*** Recorded information Section Begins ***

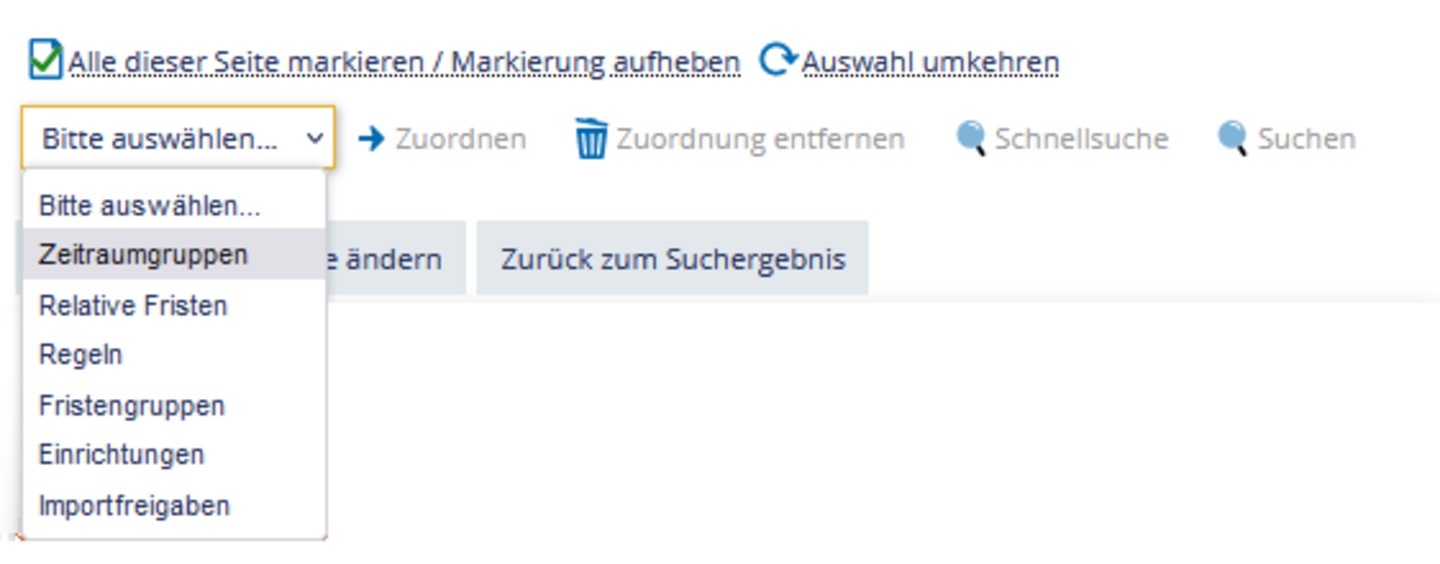 Screenshot zur Veranschaulichung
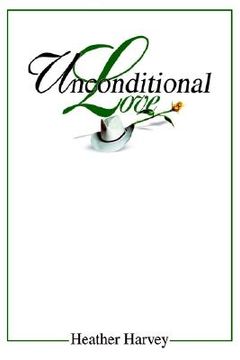 portada unconditional love (in English)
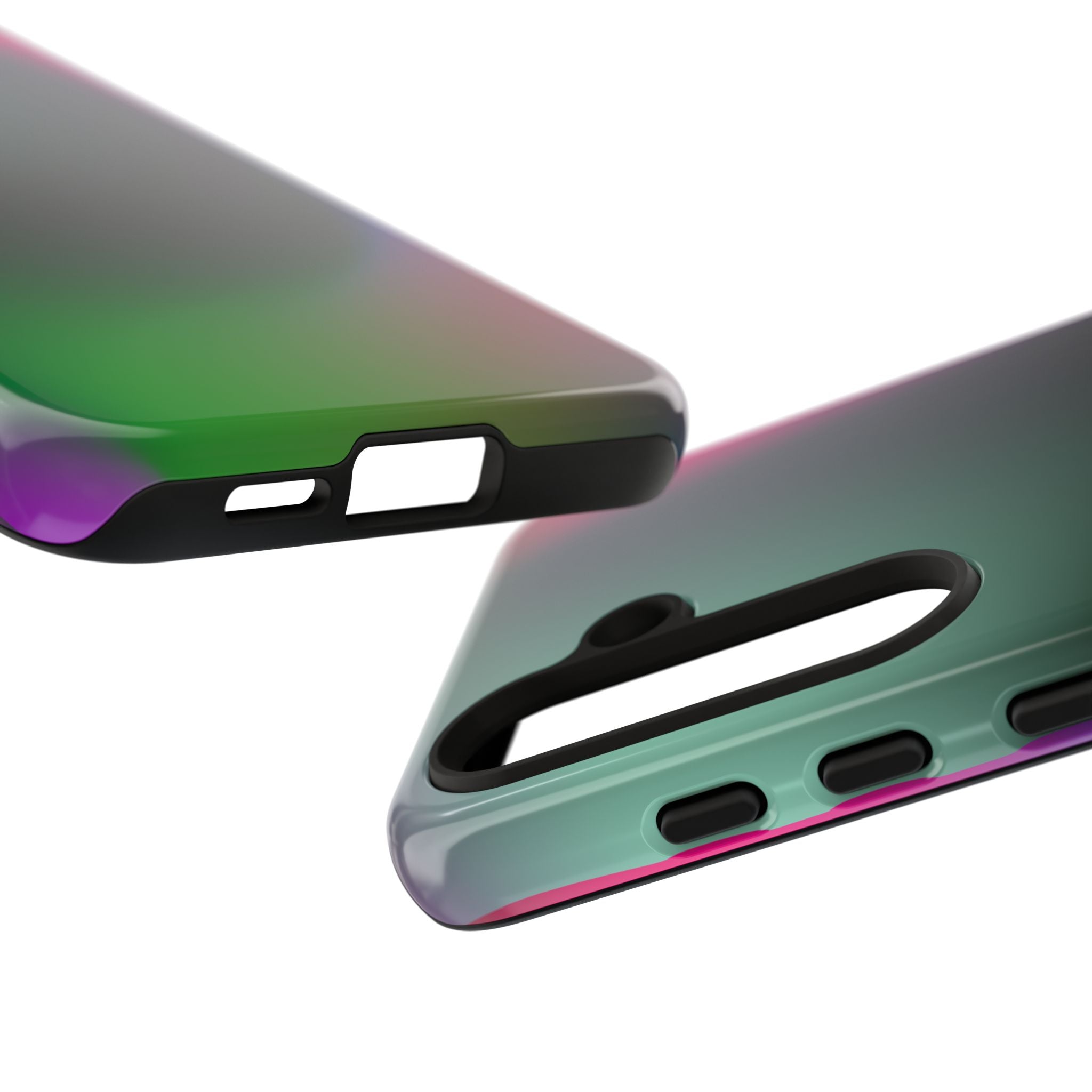Colorful Phone Case, Tough Phone Cover, Vibrant Smart Device Protector, Modern Tech Accessory, Unique Gift for Phone Lovers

*** Recorded information Section Ends ***

What is being asked: Write out again every line above exactly as given; the pictures do not belong in the copy.

Solved problem:
 Screenshot zur Veranschaulichung
 portada unconditional love (in English)
Colorful Phone Case, Tough Phone Cover, Vibrant Smart Device Protector, Modern Tech Accessory, Unique Gift for Phone Lovers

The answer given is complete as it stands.